Reputation: 341
I have a pandas dataframe consisting of strings, i.e 'P1', 'P2', 'P3', ..., null.
When I try to concatenate this data frame with another, all of the strings get replaced with 'NaN'.
See my code below:
descriptions = pd.read_json('https://raw.githubusercontent.com/ansymo/msr2013-bug_dataset/master/data/v02/eclipse/short_desc.json')
descriptions = descriptions.reset_index(drop=1)
descriptions['desc'] = descriptions.short_desc.apply(operator.itemgetter(0)).apply(operator.itemgetter('what'))

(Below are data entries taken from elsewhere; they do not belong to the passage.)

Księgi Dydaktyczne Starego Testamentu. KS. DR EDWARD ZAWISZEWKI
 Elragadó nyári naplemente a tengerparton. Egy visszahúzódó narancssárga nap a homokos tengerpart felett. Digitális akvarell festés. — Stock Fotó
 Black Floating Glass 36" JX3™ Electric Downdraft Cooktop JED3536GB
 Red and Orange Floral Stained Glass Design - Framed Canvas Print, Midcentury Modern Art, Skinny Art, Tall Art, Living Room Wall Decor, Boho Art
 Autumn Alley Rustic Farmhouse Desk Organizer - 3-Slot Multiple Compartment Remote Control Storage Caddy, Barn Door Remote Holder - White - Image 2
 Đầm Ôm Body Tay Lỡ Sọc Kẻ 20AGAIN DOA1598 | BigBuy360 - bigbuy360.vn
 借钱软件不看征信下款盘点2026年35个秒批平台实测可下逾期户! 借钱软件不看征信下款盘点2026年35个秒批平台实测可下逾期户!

f1=pd.DataFrame(descriptions['desc'])
bugPrior = pd.read_json('https://raw.githubusercontent.com/ansymo/msr2013-bug_dataset/master/data/v02/eclipse/priority.json')
bugPrior = bugPrior.reset_index(drop=1)
bugPrior['priority'] = bugPrior.priority.apply(operator.itemgetter(0)).apply(operator.itemgetter('what'))
f2=pd.DataFrame(bugPrior['priority'])
df = pd.concat([f1,f2])
print(df.head())
The output is as follows:
desc priority
0 Usability issue with external editors (1GE6IRL) NaN
1 API - VCM event notification (1G8G6RR) NaN
2 Would like a way to take a write lock on a tea... NaN
3 getter/setter code generation drops "F" in "..... NaN
4 Create Help Index Fails with seemingly incorre... NaN
Any ideas as to how I might stop this from happening?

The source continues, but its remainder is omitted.